- 芝麻街
- Based on: Sesame Street
- Country of origin: China
- No. of episodes: 130 (1998) 52 (2010)

Production
- Running time: 30 minutes (1998) 11 minutes (2010)
- Production companies: Children's Television Workshop 1998–2000 Sesame Workshop 2000–2001

Original release
- Network: Shanghai Television
- Release: 1998 – 2001

= Zhima Jie =

Zhima Jie (芝麻街 (Zhīma Jiē)) is the Chinese co-production of Sesame Street. The show was produced from 1998 to 2001, for a total run of 130 half-hour episodes. It was filmed in Shanghai and aired on Shanghai Television.

== History ==
Before the co-production, Sesame Street's 12th season had been dubbed into Mandarin in 1981 and distributed through China Central Television.

=== 1998 version ===
Pre-production on the show was headed in part by a team of eighteen Chinese child education specialists, led by Xie Xide. In 1996 some of the Shanghai Television producers also traveled to New York to meet and work with Sesame Workshop staff. Kevin Clash ran the auditions and training for the production's puppeteers.

Unlike other international co-productions, Zhima Jie would have its own version of Big Bird, Da Niao, rather than a new full-body mascot unique to their iteration. This was due to Big Bird's already existing popularity in China. Caroll Spinney, who originated the character on the American production, had final say on who would play the character.

General Electric sponsored the show from 1998 to 2001. There was an unsuccessful attempt to revive it for the 2004 season.

=== 2010 version ===
As with the 1998 version, the 2010 version filmed original segments in Shanghai.

It returned in December 2010 as Zhima Jie: Da Niao Kan Shijie (芝麻街: 大鸟看世界, Sesame Street: Big Bird Looks at the World). It has aired on CCTV Children's Channel, Guangdong Jiajia, and on Toonmax Channel.

The program focused on teaching basic skills, such as literacy, numeracy, and an appreciation of the arts, and was funded in part by the Merck Foundation.

==Characters==

=== 1998 ===
- Xiao Mei Zi (小梅子), Little Plum, a red Elmo-like monster who is 3 years old and enjoys reading books and listening to stories. She was the equivalent of Elmo in this series. Elmo (proper) is introduced for the 2010 series.
- Hu Hu Zhu (呼呼猪), Puffing Pig, is a furry blue pig who is similar to Cookie Monster. He loves arts, especially opera.
- Da Niao (大鸟), the Chinese version of Big Bird, he lives at a park in a nest and enjoys eating bird seed cookies.
  - Played by Zhu Ming and dubbed by LaLa Ma
  - Sources often say he is an identical cousin of the American Big Bird but this relationship with is not mentioned in the 2010 version. This makes Zhima Jie the first international Co-Production of Sesame Street to have a more direct localized version of Big Bird rather than an independent equivalent followed by Vila Sésamo in 2007.

=== 2010 ===
- Tiger Lily, a tiger cub.
- Elmo, a furry red monster from Sesame Street
- Old Lady Wang, owner of a noodle shop and practitioner of tai chi

== Messaging ==
Like other international co-productions, Zhima Jie covered the four broad curriculum categories of Child's World (understanding the self), Family and Society, Symbolic Representation (reading and numeracy) and Cognitive Organization (classification and perception). However, the production also added a fifth category of Aesthetics and Arts, which included coverage of Chinese calligraphy, experiencing nature, dance, and music composition.
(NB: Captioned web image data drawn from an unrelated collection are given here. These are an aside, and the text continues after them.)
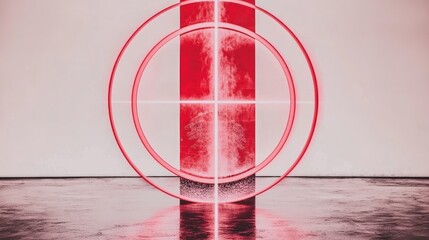 Abstract red circular light installation against a white wall. Minimalist design.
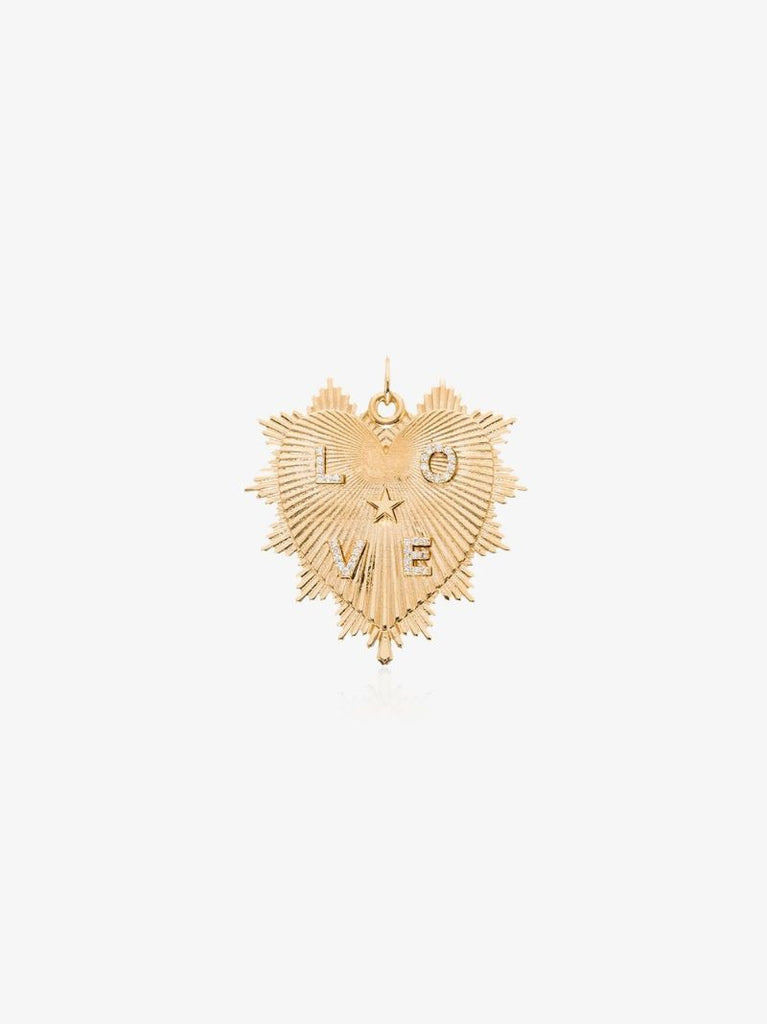 18k Yellow Gold Heart Love Diamond Charm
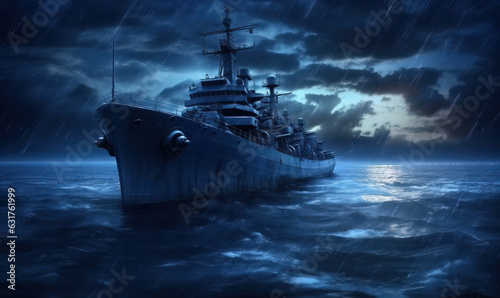 Night patrol: military ship at sea © Nick Alias
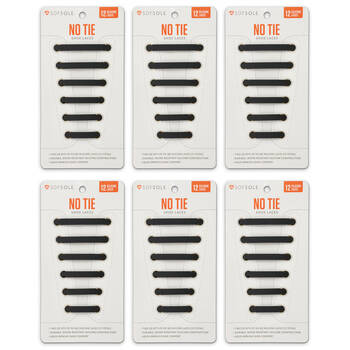 6PK SofSole Silicone No Tie Shoe Laces For 6 Eyelets - Black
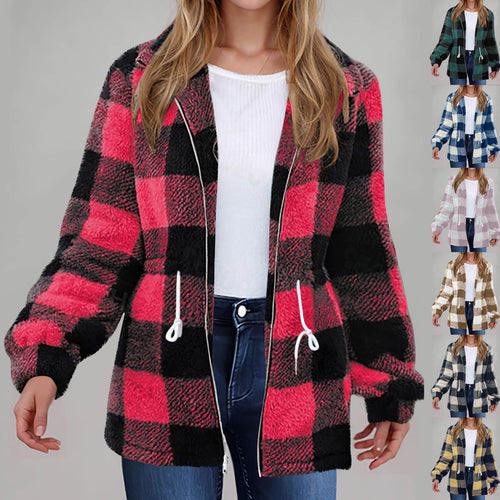 Fleece jacket for women with a trendy check pattern and practical pockets Amarae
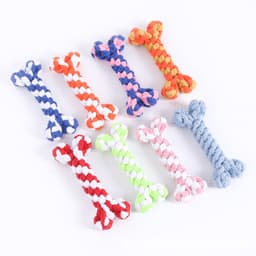 image-Cotton Rope Dog Teeth Cleaning Toy - Green and White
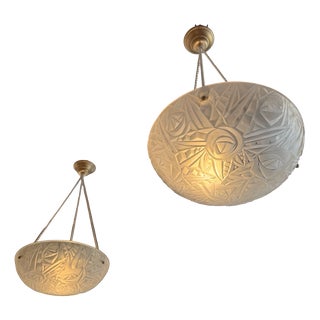 Art Deco Pendant Lights with Electrified Cords from Verrerie D'art Degué, 1930s, Set of 2 For Sale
The 1998 production had compassion as one of the primary themes for the first season. It also included segments showing cultural diversity within China and reminding children that failure is okay. The show also had bumpers lasting thirty seconds which aimed to teach specific scientific concepts, like relative buoyancy of different objects.
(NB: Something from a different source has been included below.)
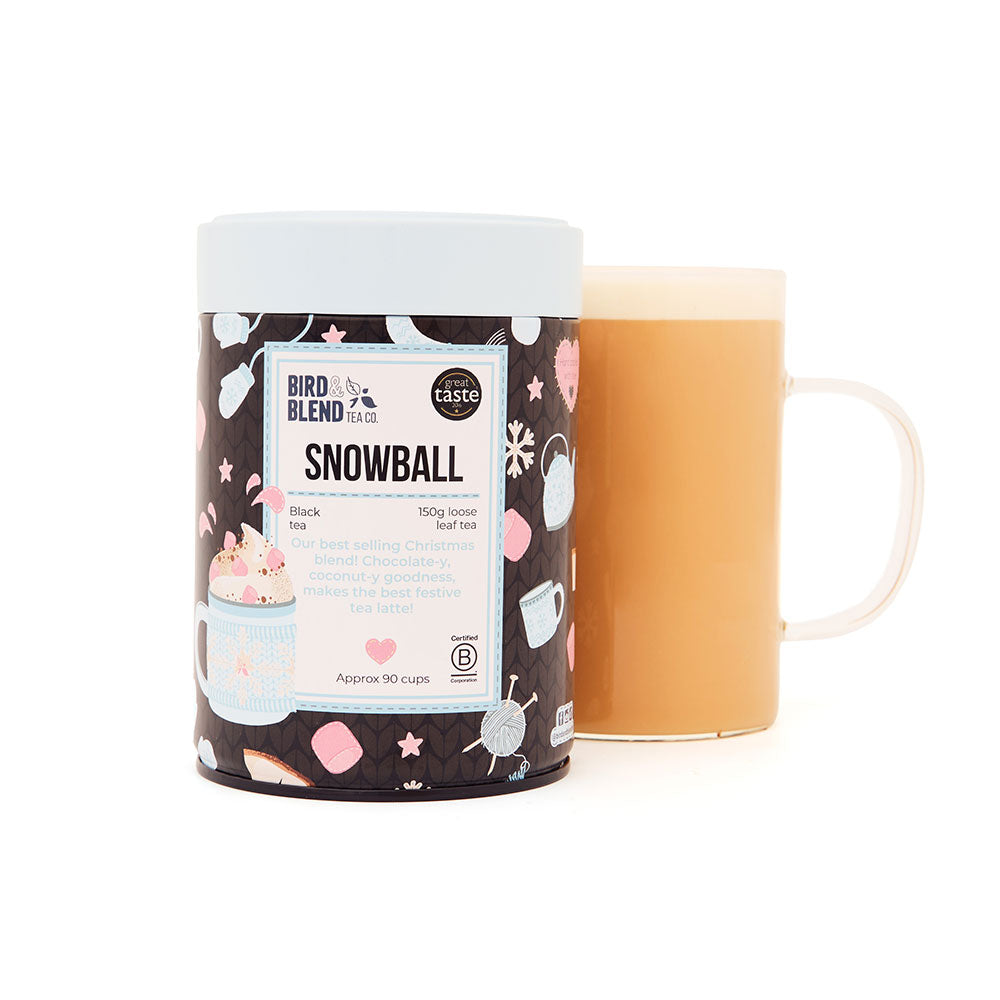 snowball limited edition 150g tea tin with hot tea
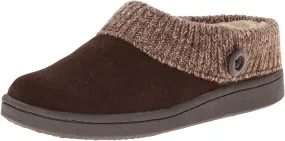 Clarks Women's Knit Scuff Leather Slipper Mules Sweater Cuff Clog (6, Brown)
The 2010 production focused on science education and emergency preparedness. Having episodes focus primarily on science allowed creators to explore a topic with more depth than would be possible in a shorter segment. Episodes started with characters posing a question, followed by an explanation using examples or videos, and ending with children in the studio performing related activities on their own.

== Episodes ==
The 1998–2001 production reportedly consisted of 130 half-hour episodes. As it did not see home video releases, only a few clips of the show have surfaced on the internet.

The 2010 production totaled 52 11-minute episodes.

==Books==
- Sesame Street School Readiness (11 titles)
- Sesame Street Thinking Child (6 titles)
- Sesame Street Learning Environment (4 titles)

== In other media ==
From 2014 through 2019, characters from Sesame Street and Zhima Jie guest-starred on Bai Nian La (拜年啦), broadcast every Chinese New Year (January 31, 2014 – February 5, 2019). These six years were the Year of the Horse, the Goat, the Monkey, the Rooster, the Dog, and the Pig.